● **DATA RECORDS**
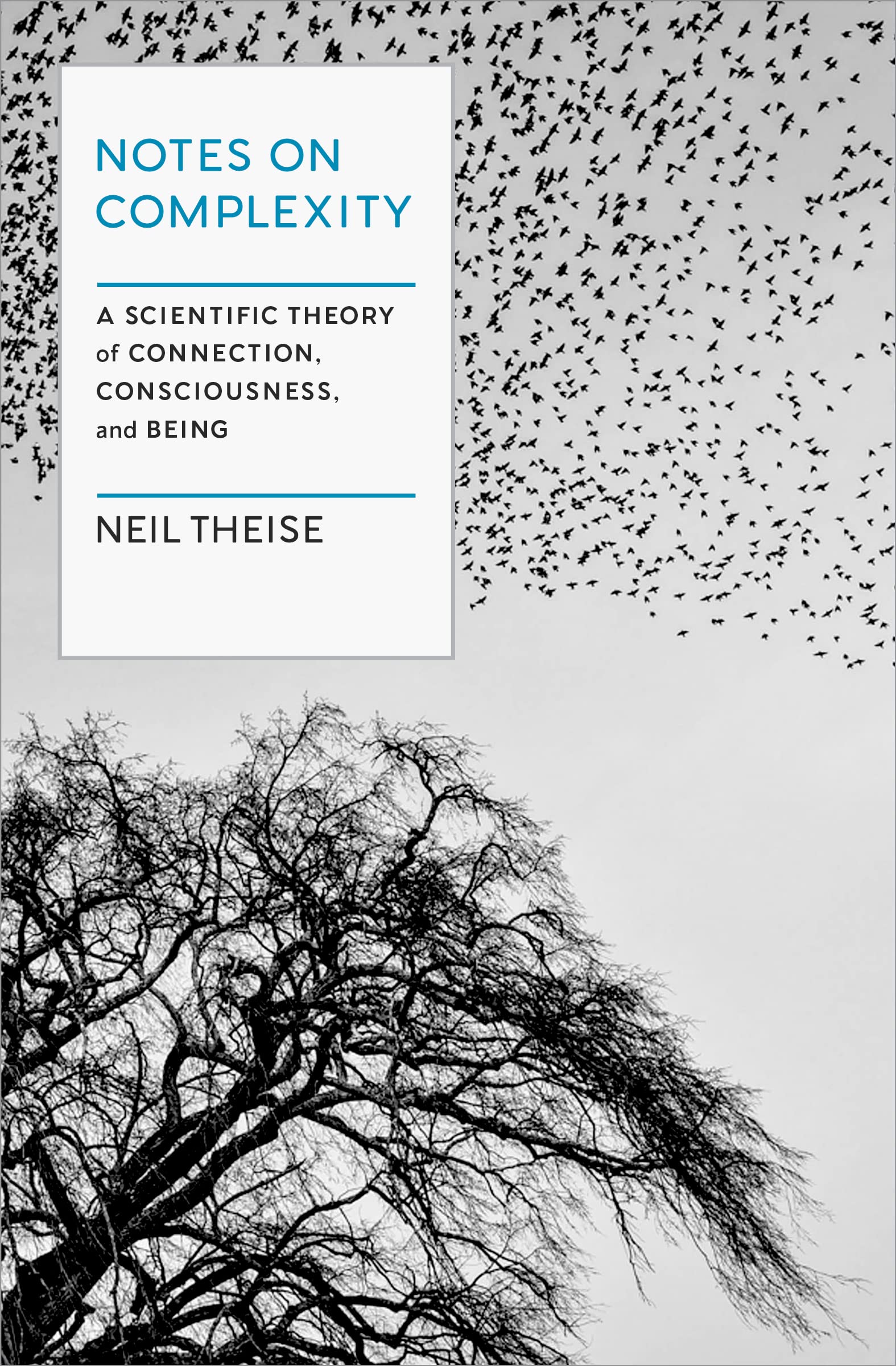 Notes On Complexity: A Scientific Theory Of Connection, Consciousness, And Being,Used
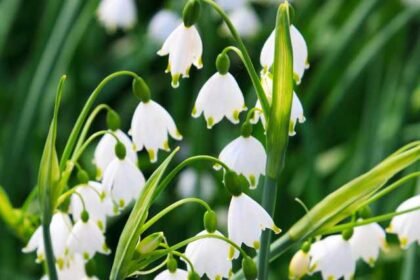 This is the best way to care your lily of the valley plant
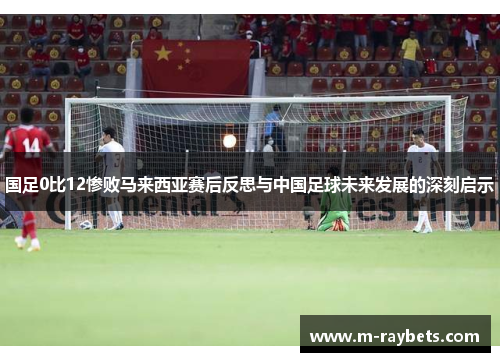 国足0比12惨败马来西亚赛后反思与中国足球未来发展的深刻启示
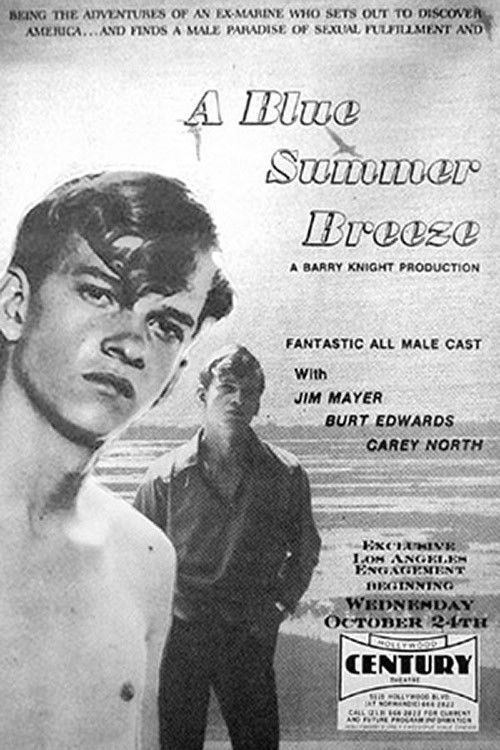 Blue Summer Breeze (1972) poster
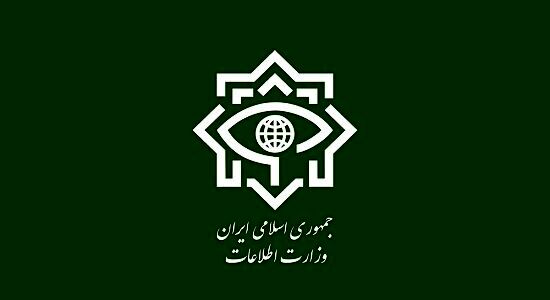 وزارت اطلاعات تبعه سوئدی را به اتهام جاسوسی بازداشت کرد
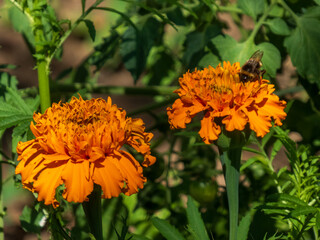 Marigold flowers and a bee on a sunny day
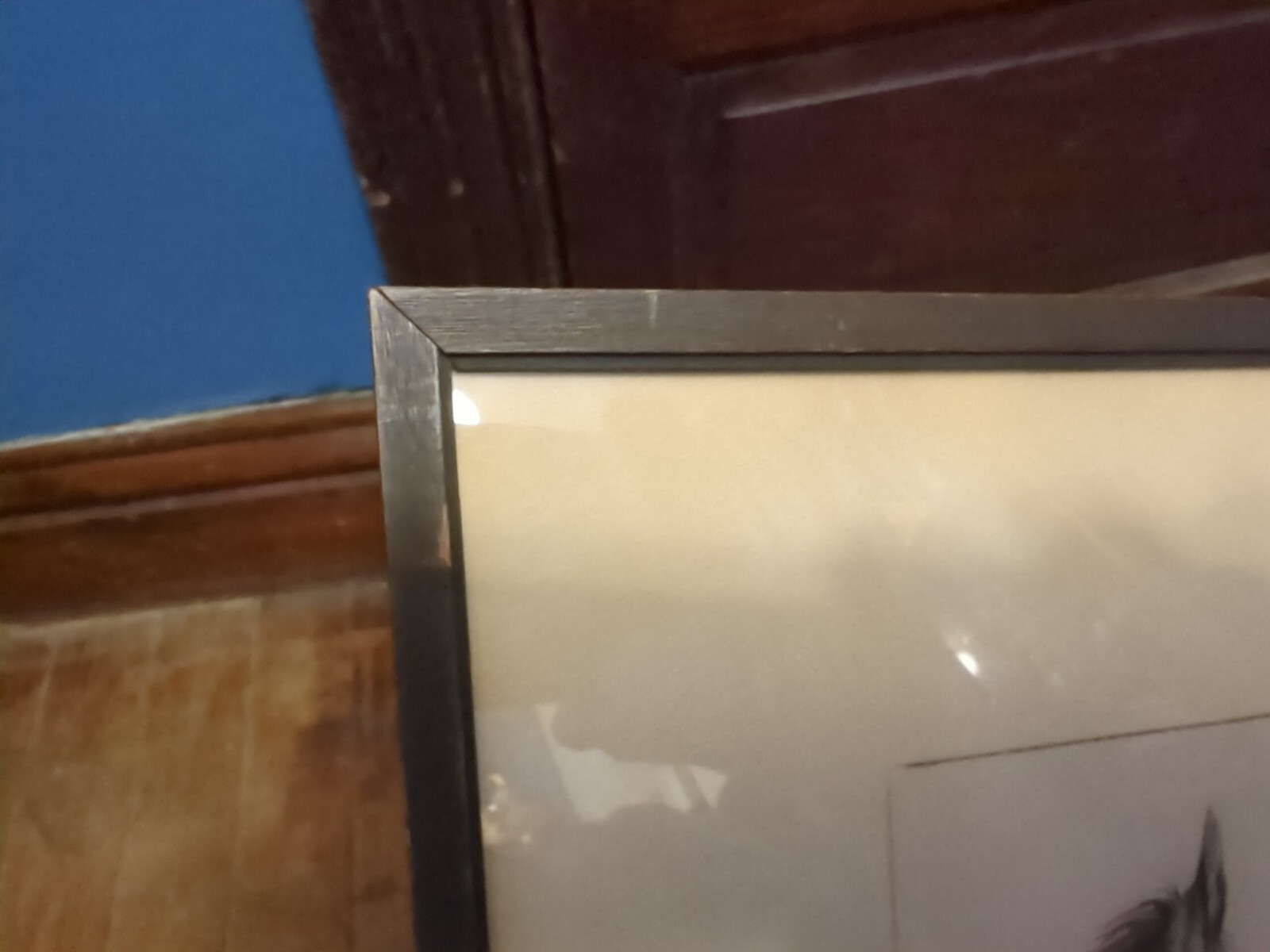 Picture 7 of 11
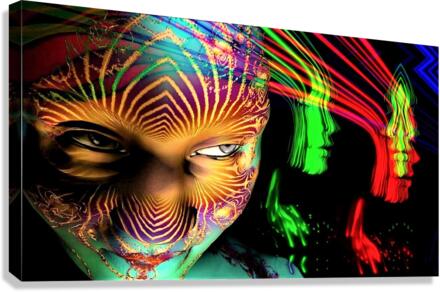 2758 Canvas Print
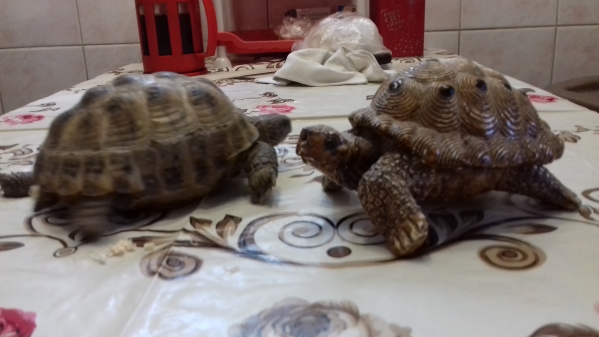 В Волгограде черепаху разбудили ради  эффектной фотографии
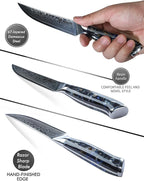 Steak Knives Set of 4, Ultra Sharp Non Serrated Kitchen Steak Knife 5 Inch - Damascus Steel & Resin Handle - Xuan Series (Starry Black)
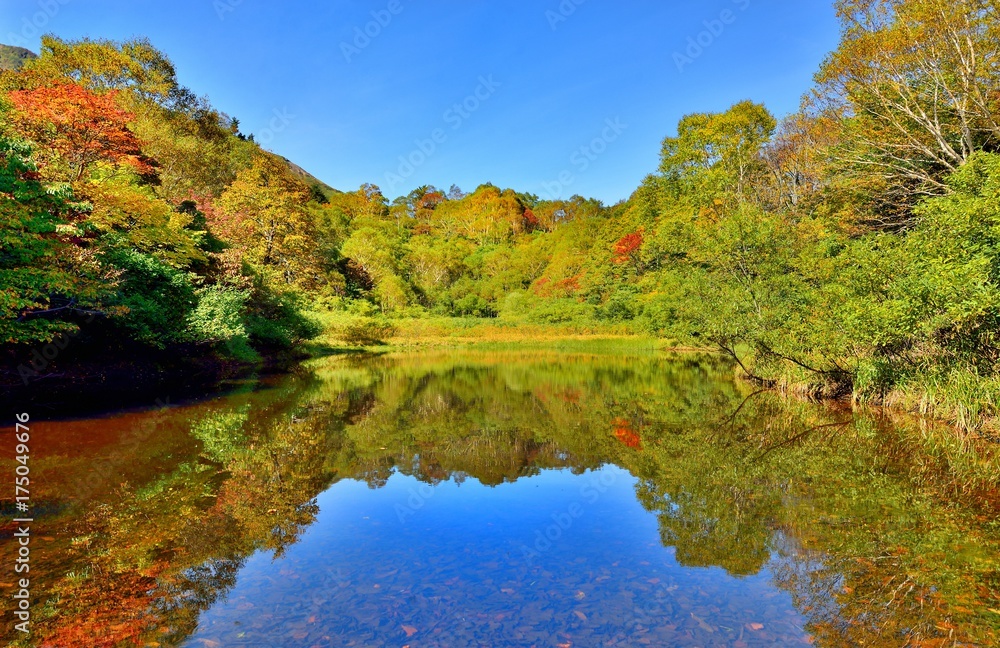 青空と初秋の紅葉 青空と初秋の紅葉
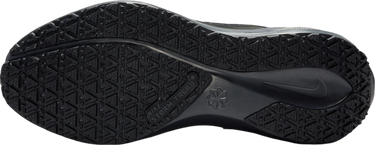 Tennarit ja kengät Nike Pegasus 41 GORE-TEX Musta | fq1357-001, 4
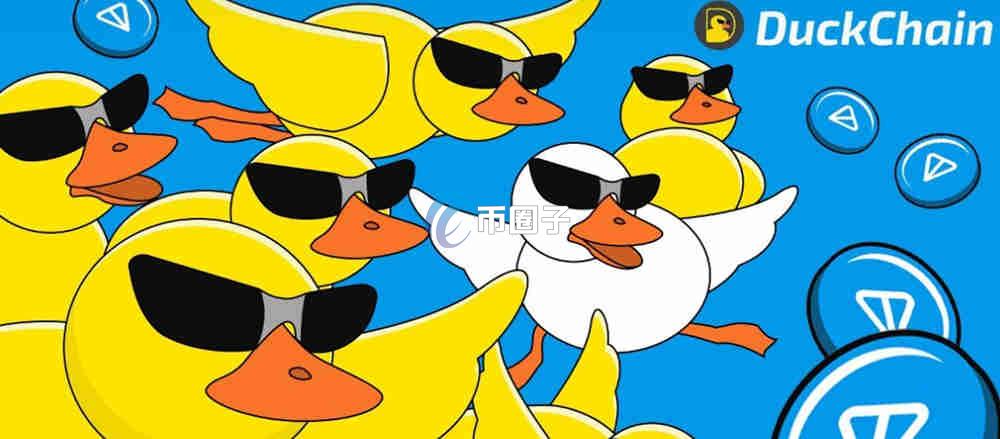 DUCK币能长期持有吗？全潜力大吗？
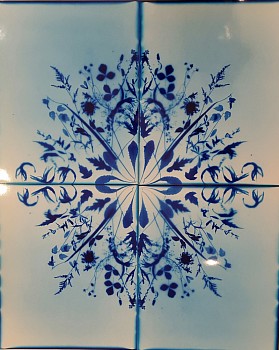 Wendy Small -&nbsp;Remedy, 2015 color photogram 48 x 40 inches SMA202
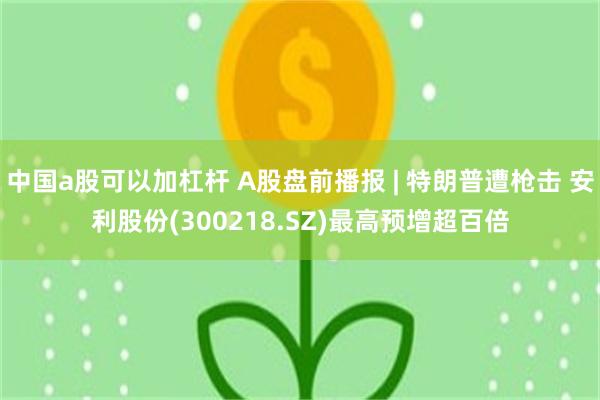 中国a股可以加杠杆 A股盘前播报 | 特朗普遭枪击 安利股份(300218.SZ)最高预增超百倍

● **WORK INSTRUCTIONS**
Print the records verbatim, without pictures.

● **EXPECTED ANSWER**
 Notes On Complexity: A Scientific Theory Of Connection, Consciousness, And Being,Used
 This is the best way to care your lily of the valley plant
 国足0比12惨败马来西亚赛后反思与中国足球未来发展的深刻启示
 Blue Summer Breeze (1972) poster
 وزارت اطلاعات تبعه سوئدی را به اتهام جاسوسی بازداشت کرد
 Marigold flowers and a bee on a sunny day
 Picture 7 of 11
 2758 Canvas Print
 В Волгограде черепаху разбудили ради  эффектной фотографии
 Steak Knives Set of 4, Ultra Sharp Non Serrated Kitchen Steak Knife 5 Inch - Damascus Steel & Resin Handle - Xuan Series (Starry Black)
 青空と初秋の紅葉 青空と初秋の紅葉
 Tennarit ja kengät Nike Pegasus 41 GORE-TEX Musta | fq1357-001, 4
 DUCK币能长期持有吗？全潜力大吗？
 Wendy Small -&nbsp;Remedy, 2015 color photogram 48 x 40 inches SMA202
 中国a股可以加杠杆 A股盘前播报 | 特朗普遭枪击 安利股份(300218.SZ)最高预增超百倍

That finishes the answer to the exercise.